▸ Task brief
Set the pictures aside and write down, exactly as they appear, the lines from the one containing "Vintage Italy torsade" through the end of the material.

▸ Data
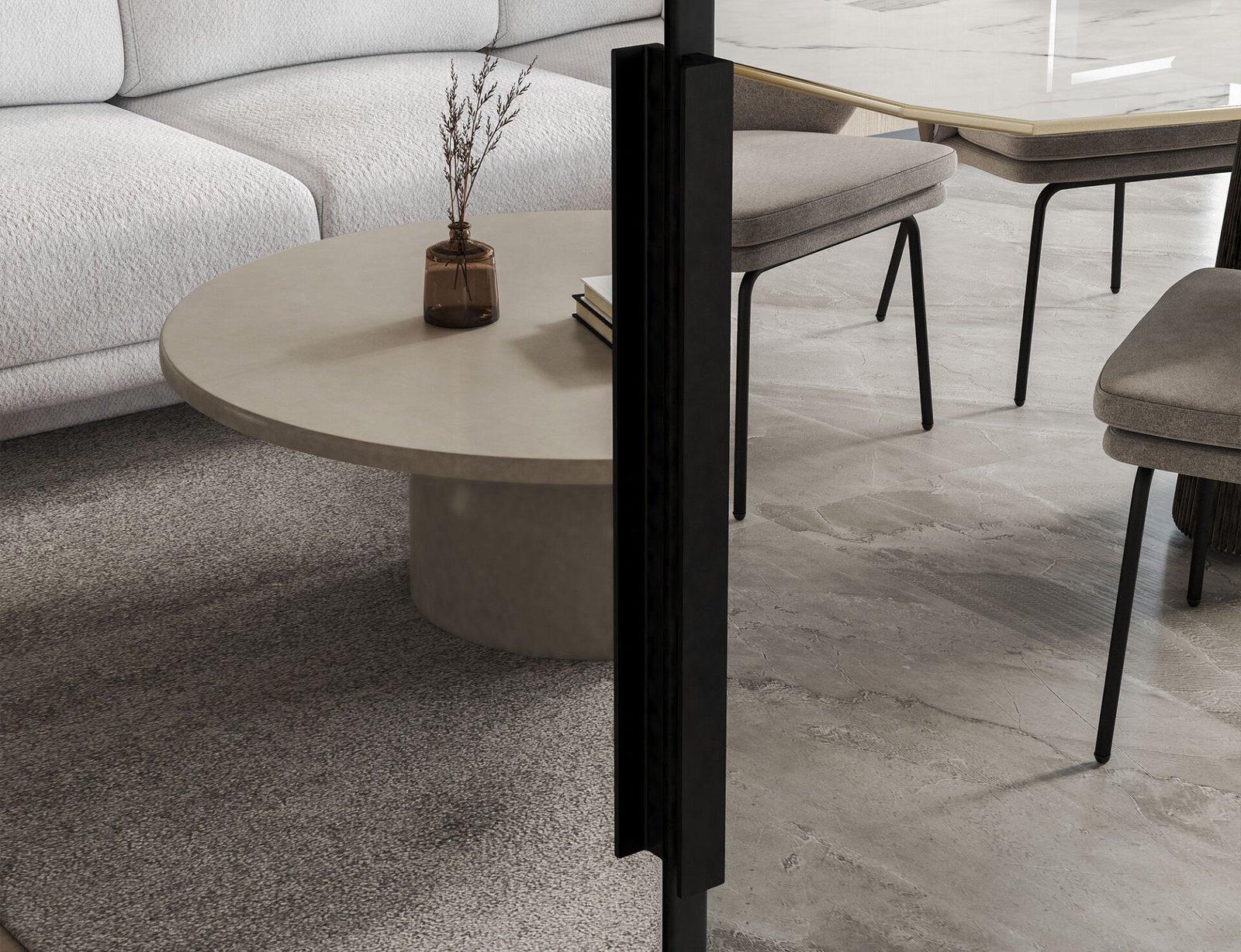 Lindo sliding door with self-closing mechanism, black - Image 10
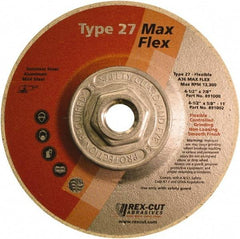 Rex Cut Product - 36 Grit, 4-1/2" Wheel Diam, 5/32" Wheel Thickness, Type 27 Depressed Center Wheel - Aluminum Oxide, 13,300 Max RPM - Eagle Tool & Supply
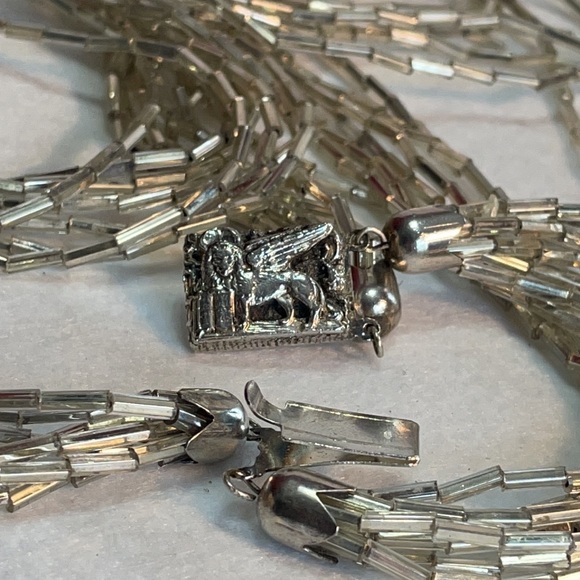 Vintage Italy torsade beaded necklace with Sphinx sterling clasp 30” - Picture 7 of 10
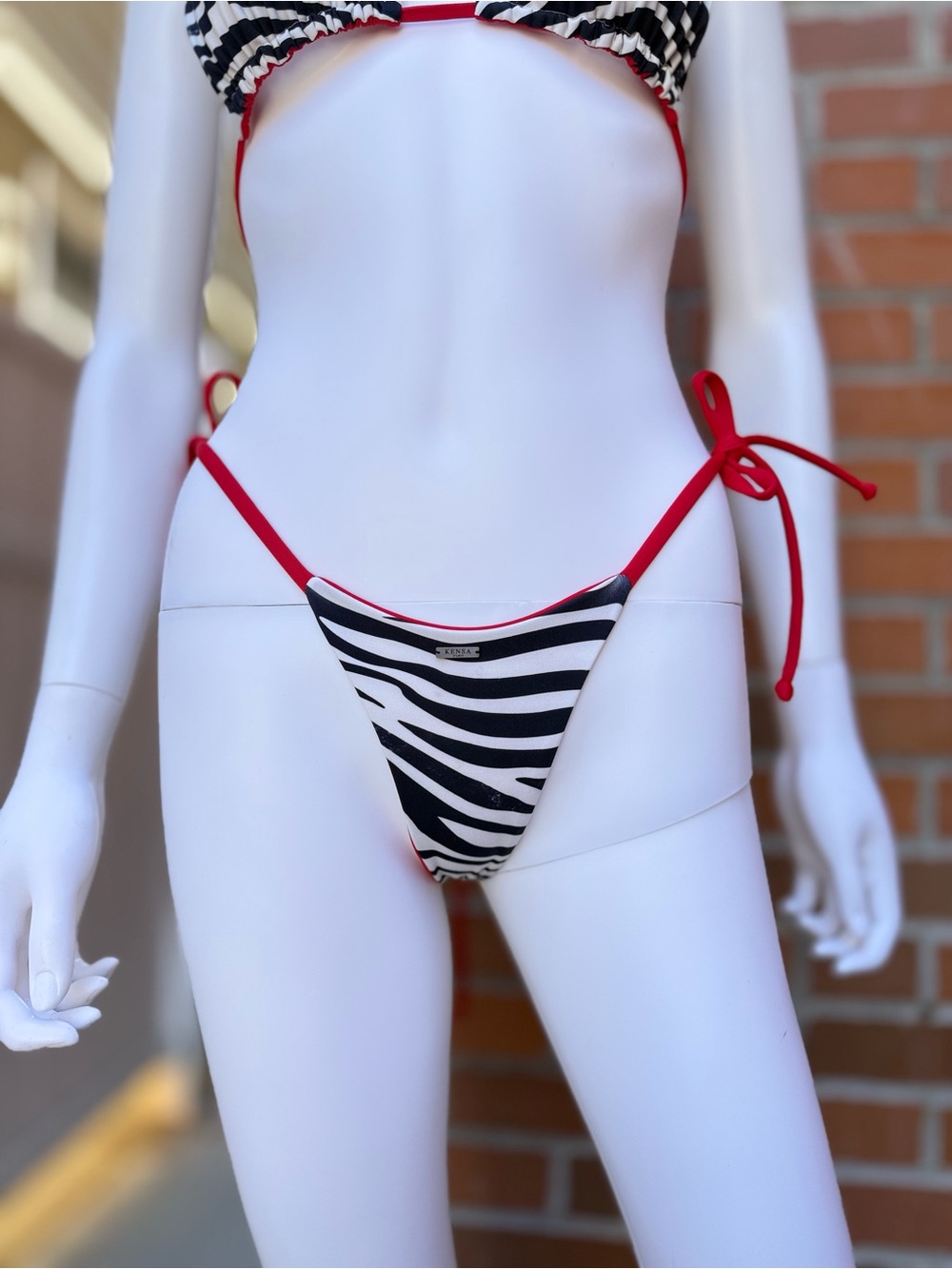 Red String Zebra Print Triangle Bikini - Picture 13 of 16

▸ Completed task
 Vintage Italy torsade beaded necklace with Sphinx sterling clasp 30” - Picture 7 of 10
 Red String Zebra Print Triangle Bikini - Picture 13 of 16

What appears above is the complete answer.